A Gradiva tem agora nas livrarias o seu primeiro romance, distinguido com o Prémio Literário Revelação Agustina Bessa Luís 2011.
Numa aldeia de Trás-os-Montes vivem quatro crianças – Teodoro, Raquel, Edgar e Óscar. A aldeia tem a forma de uma cruz, tem duas igrejas, dois cemitérios, duas estações de comboio e um comboio a vapor. Depois há o campo, as hortas, os lameiros e os palheiros onde o gado passa a noite.
As crianças vão à escola e depois têm o resto do tempo livre, excepto algumas tarefas a cumprir. Depois da lida, seja na mercearia, na quinta ou em casa, ficam na rua até anoitecer e serem chamados para jantar. Enquanto isso, com tanto tempo por sua conta, aventuram-se nas coisas dos adultos. Experimentam fumar, roubam revistas pornográficas que vão lendo às escondidas junto ao riacho, conduzem carros, ateiam incêndios e até simulam um funeral.

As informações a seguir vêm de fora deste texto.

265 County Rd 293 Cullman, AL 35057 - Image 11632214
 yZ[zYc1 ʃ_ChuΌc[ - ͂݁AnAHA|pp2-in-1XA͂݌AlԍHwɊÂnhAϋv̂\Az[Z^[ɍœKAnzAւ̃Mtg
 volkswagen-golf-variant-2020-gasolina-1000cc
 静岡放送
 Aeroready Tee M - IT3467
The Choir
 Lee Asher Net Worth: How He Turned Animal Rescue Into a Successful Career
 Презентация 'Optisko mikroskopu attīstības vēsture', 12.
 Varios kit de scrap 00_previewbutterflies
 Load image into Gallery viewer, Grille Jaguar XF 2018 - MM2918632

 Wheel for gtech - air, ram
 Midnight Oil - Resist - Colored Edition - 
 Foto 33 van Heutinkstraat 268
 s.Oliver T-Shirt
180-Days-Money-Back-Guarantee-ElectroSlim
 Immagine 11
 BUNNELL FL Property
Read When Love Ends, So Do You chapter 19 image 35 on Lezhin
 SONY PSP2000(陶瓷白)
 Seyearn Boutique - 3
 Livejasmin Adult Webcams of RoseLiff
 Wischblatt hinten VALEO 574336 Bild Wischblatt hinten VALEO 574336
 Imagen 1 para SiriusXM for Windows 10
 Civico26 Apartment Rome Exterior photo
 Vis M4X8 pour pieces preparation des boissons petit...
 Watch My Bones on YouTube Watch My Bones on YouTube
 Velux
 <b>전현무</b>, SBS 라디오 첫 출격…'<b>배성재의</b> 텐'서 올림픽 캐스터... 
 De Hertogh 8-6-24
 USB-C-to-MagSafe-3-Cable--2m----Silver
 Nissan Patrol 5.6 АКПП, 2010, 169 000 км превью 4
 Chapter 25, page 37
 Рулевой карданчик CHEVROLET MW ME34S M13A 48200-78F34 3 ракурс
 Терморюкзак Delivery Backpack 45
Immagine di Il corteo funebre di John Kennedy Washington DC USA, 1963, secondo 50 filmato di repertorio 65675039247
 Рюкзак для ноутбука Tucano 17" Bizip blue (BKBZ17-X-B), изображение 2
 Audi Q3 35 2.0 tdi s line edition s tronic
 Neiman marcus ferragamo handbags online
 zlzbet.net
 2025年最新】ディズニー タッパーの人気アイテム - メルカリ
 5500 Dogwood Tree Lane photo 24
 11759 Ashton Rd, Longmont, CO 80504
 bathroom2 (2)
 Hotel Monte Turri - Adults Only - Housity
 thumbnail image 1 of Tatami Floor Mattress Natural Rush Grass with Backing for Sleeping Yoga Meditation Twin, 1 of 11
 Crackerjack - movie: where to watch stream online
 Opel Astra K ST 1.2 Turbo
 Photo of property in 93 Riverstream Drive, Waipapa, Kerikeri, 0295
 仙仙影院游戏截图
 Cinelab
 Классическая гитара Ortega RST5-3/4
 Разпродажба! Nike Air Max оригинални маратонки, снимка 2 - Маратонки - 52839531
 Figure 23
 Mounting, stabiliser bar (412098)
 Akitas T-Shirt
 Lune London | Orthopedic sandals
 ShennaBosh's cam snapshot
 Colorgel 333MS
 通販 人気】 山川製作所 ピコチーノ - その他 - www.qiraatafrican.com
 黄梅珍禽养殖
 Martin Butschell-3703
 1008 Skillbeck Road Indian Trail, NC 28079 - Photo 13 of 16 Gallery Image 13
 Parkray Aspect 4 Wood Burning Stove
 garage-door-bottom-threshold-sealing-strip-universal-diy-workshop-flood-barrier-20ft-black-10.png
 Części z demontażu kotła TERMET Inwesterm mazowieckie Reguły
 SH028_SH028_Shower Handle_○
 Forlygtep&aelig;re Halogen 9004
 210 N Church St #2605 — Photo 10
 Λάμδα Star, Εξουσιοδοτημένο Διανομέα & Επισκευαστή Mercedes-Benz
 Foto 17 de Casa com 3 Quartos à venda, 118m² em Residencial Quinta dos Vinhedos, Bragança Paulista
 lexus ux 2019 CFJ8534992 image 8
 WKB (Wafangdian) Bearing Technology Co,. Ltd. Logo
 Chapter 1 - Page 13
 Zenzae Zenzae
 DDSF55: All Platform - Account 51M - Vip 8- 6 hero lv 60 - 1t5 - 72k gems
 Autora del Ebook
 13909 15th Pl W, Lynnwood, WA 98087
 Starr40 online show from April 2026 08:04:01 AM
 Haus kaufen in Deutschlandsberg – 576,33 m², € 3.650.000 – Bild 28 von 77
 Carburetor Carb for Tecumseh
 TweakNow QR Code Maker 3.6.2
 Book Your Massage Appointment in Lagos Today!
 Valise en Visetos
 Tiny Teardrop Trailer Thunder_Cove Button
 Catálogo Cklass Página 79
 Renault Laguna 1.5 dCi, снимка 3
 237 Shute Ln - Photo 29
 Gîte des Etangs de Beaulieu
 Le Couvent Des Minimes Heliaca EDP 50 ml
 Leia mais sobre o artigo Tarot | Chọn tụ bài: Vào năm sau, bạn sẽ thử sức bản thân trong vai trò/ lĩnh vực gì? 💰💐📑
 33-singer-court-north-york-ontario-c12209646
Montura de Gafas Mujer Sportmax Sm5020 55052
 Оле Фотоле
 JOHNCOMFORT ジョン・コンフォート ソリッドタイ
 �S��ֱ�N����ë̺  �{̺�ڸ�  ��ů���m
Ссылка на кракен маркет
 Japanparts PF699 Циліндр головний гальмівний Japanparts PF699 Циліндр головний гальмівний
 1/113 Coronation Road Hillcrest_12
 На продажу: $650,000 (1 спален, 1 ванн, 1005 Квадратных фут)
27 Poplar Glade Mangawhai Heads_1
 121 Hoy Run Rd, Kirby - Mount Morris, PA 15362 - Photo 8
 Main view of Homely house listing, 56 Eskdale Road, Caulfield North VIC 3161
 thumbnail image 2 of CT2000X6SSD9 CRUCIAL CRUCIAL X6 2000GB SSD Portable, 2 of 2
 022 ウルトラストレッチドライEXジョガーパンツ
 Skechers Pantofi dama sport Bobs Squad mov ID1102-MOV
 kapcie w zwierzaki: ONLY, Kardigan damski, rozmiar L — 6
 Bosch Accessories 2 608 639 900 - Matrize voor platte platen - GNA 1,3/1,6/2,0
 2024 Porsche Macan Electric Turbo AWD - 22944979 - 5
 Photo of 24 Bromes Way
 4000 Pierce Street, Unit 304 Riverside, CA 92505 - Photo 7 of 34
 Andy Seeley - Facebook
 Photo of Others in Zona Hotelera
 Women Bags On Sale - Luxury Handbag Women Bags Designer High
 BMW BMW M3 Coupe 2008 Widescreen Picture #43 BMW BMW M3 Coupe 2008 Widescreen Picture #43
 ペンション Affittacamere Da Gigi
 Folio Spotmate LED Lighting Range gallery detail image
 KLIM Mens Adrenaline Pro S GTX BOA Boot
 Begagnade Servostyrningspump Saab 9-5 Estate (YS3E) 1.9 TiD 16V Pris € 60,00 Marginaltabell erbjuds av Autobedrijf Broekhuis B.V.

Nesta realidade, é fácil arranjar caçadeiras. Matam-se pássaros e outros animais. As crianças aqui são cruéis, com os animais e com elas próprias. Mas é assim que são educadas e é assim que crescem.
Neste enredo de Tiago Patrício, também há espaço para enamoramentos, avós muito velhinhas, mães e pais que emigraram para parte incerta, e gente bruta que não sabe ser de outra forma. Pessoas que não conhecem o gesto de um afecto, talvez porque nunca o tenham recebido. Pessoas que trabalham a terra de sol a sol e que à noite resguardam-se junto à lareira enquanto desmancham camisolas velhas para aproveitar a lã para fazer novas. Os miúdos, no exterior, a brincar nos lameiros, inventam expedições, enquanto brincam com côdeas de pão na mão e apanham fruta das figueiras.
À noite, as mulheres ficam em casa. Os homens vão para o café. Ali, naquela aldeia, o tempo, quem o dita, é o Sol, e as colheitas, e a passagem do comboio e o sino da igreja. É o quotidiano de uma pequena aldeia de Trás-os-Montes que cabe num pequeno romance. Pequeno mas notável na sua forma descritiva, sucinta e incrivelmente fidedigna do que continua a ser o Portugal rural.